Les débuts du jeune premier (1931-1935)

Du jeune Alexis Moncorgé, amoureux de la terre, formé sur les planches du music-hall, et qui ne veut pas devenir comédien, rétif à l'idée d'apprendre son texte, éclôt l'acteur Jean Gabin. Il commence par quelques apparitions dans de petits rôles, il apprend le métier, fonctionnant à l'instinct. Et il enchaîne ainsi une vingtaine de films de 1931 à 1935.

Il incarne les voyous, les ouvriers, le jeune homme du peuple, et s'étonne même, non sans autodérision, d'être choisi pour jouer dans Golgotha : « J'imagine que mon rôle de Ponce Pilate, dans la prochaine production de Julien Duvivier, ne manquera pas de surprendre bien des gens. Comment, Jean Gabin, tout à tour ouvrier, marinier, trappeur, navigateur, ingénieur, chaque fois sympathique mais chaque fois si près du peuple, dans le rôle du procureur de Judée ? Quelle audace ! Et pourquoi pas ? »
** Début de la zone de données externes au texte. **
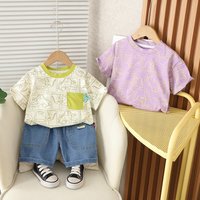 Dress 2025 New Style Boys‘ Summer Clothes Cartoon Short Sleeve Two Piece Set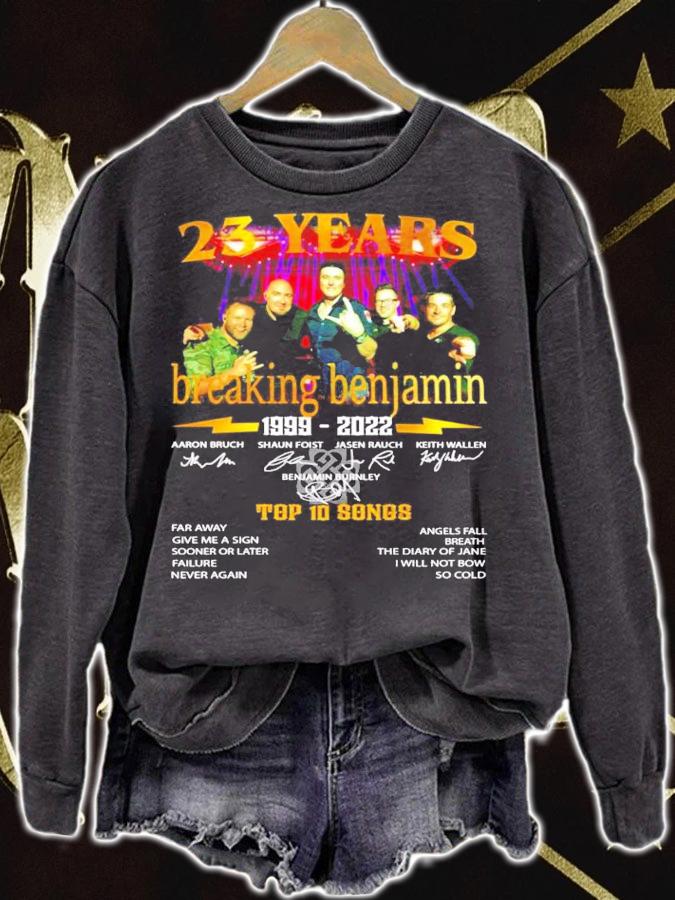 23 years Breaking Benjamin 1999-2022 signatures t-shirt sweatshirt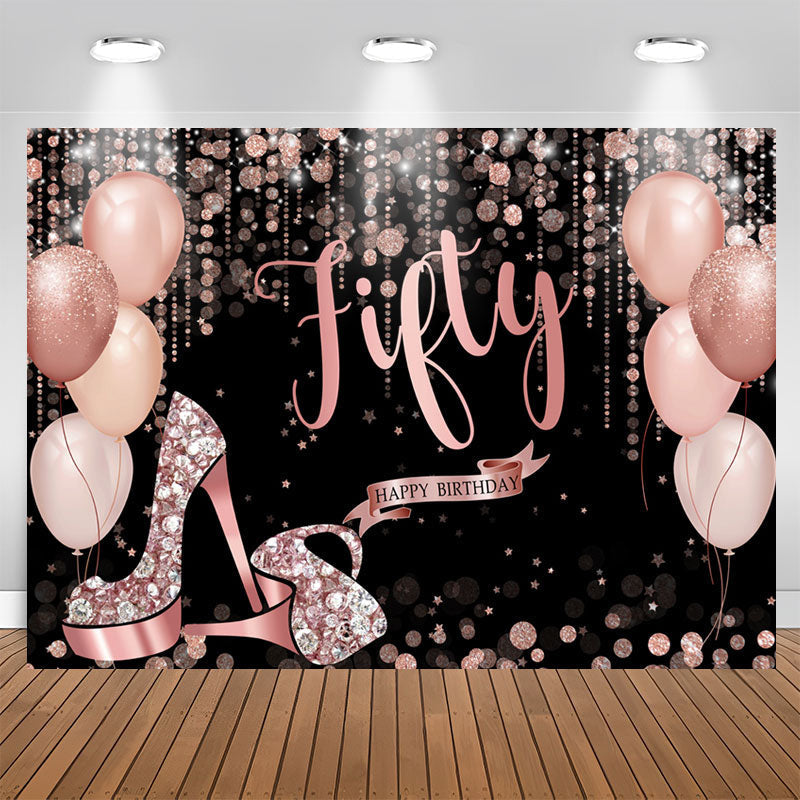 Aperturee - Rose Gold Happy 50Th Birthday Balloon Glitter Backdrop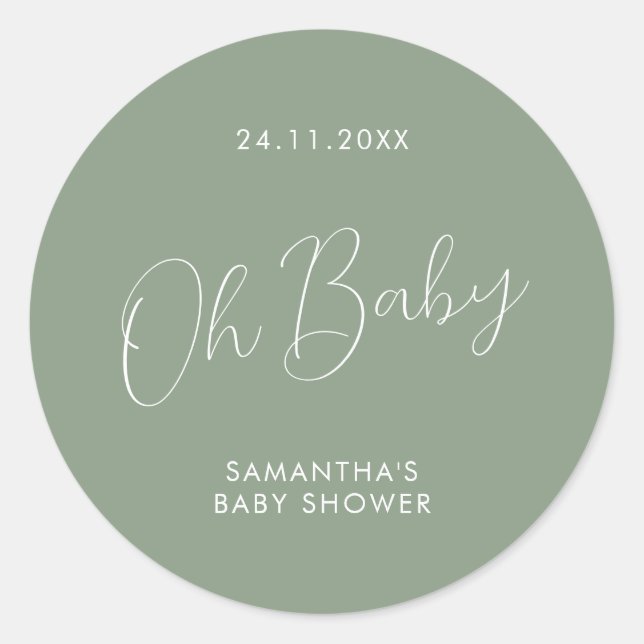 Sticker Rond Minimalist Script Sage Green Oh Baby Shower (Devant)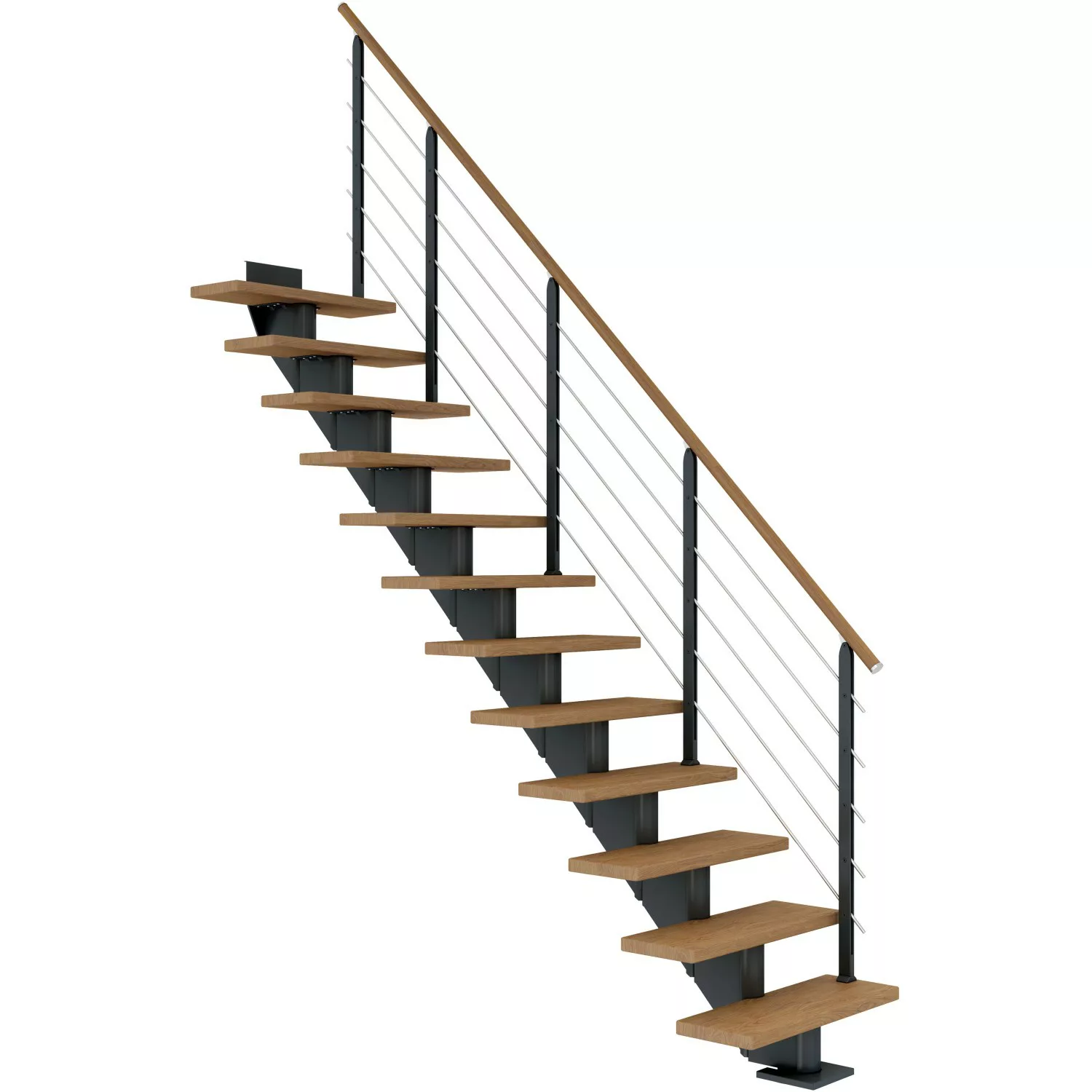 Dolle Mittelholmtreppe Hamburg Eiche Anthrazit GH bis 279 cm Gerade 85 cm F günstig online kaufen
Sa bonhomie, son naturel mais aussi son physique avantageux en font rapidement une vedette, réclamée par les réalisateurs, appréciée par ses partenaires et adulée par le public. Et de simple mention au casting du film, sa place sur les affiches se fait de plus en plus grande.

La star (1936-1939)

Neuf classiques en trois ans, c'est le bilan de la période phare de la carrière de Jean Gabin. Le mythe va s'édifier sur des bases solides. Dorénavant, l'acteur prend son métier très à coeur : « J'ai commencé à faire très attention aux rôles qu'on me proposait. Il s'agissait, désormais, de ne plus accepter n'importe quoi, mais, au contraire, de choisir judicieusement mes personnages ». Jacques Prévert, Charles Spaak et Henri Jeanson lui écrivent des dialogues sur mesure. Julien Duvivier, Jean Grémillon, tout comme Jean Renoir et Marcel Carné, qu'il contribue à faire connaître, le mettent en scène dans les plus grands succès de ces années-là.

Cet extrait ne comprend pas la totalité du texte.